9.3 Marketing Cookies

Used for targeted advertising and marketing. Require your explicit consent in applicable jurisdictions. Can be managed through our cookie preferences.

9.4 Third-Party Cookies

Set by integrated third-party services. Governed by their respective privacy policies. Managed through their privacy settings.

10. Children’s Privacy

Our Service is not intended for children under 13 (or the applicable age in your jurisdiction). We do not knowingly collect personal information from children. If we become aware that we have collected information from a child, we will delete it immediately.

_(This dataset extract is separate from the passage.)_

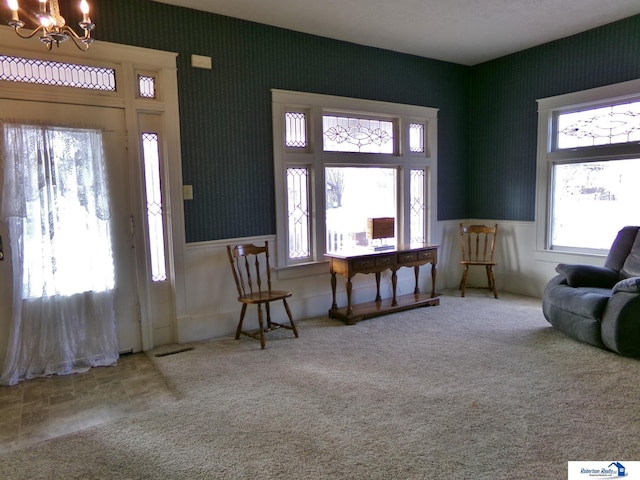 carpeted foyer with wallpapered walls and an inviting chandelier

11. Third-Party Services and Integrations

11.1 Google Services

We comply with Google’s Limited Use requirements. Access limited to authentication and authorized data only. Your Google data remains under your control.

11.2 Microsoft Services

Adherence to Microsoft’s API Terms of Use. Minimal data access for service functionality. Secure token management and storage.

11.3 Amazon Services

Compliance with Amazon’s developer policies. Access restricted to necessary API endpoints. Transparent data usage disclosure.

11.4 Other Integrations

All third-party integrations follow industry standards. Data sharing governed by their terms and our agreements. You can revoke access at any time.

12. Changes to This Privacy Policy

We may update this Privacy Policy periodically to reflect changes in our practices or legal requirements. We will:

• Post the updated policy on our website
• Send email notifications for material changes
• Provide at least 30 days’ notice for significant updates
• Continue to respect your privacy choices

13. Contact Us

If you have questions about this Privacy Policy or our data practices:

BleedIO Tech, Inc.
851 Duportail Rd, 2nd Floor
Chesterbrook, PA 19087
Email: privacy@bleedio.com
Phone: [Insert Phone Number]

For data protection inquiries:
Email: dpo@bleedio.com

14. Additional Information for IoT Deployments

14.1 Data Controller Responsibilities

We act as a data processor for IoT device data you collect. You remain the data controller for end-user information. Clear delineation of responsibilities in our Data Processing Agreement.

14.2 Network Security

• End-to-end encryption for all mesh communications
• Regular security audits of IoT infrastructure
• Compliance with IoT security standards and frameworks

14.3 Data Localization

• Options for data residency in specific jurisdictions
• Compliance with local data sovereignty requirements
• Transparent data flow documentation

---

This Privacy Policy incorporates industry best practices and is specifically tailored for IoT network management services.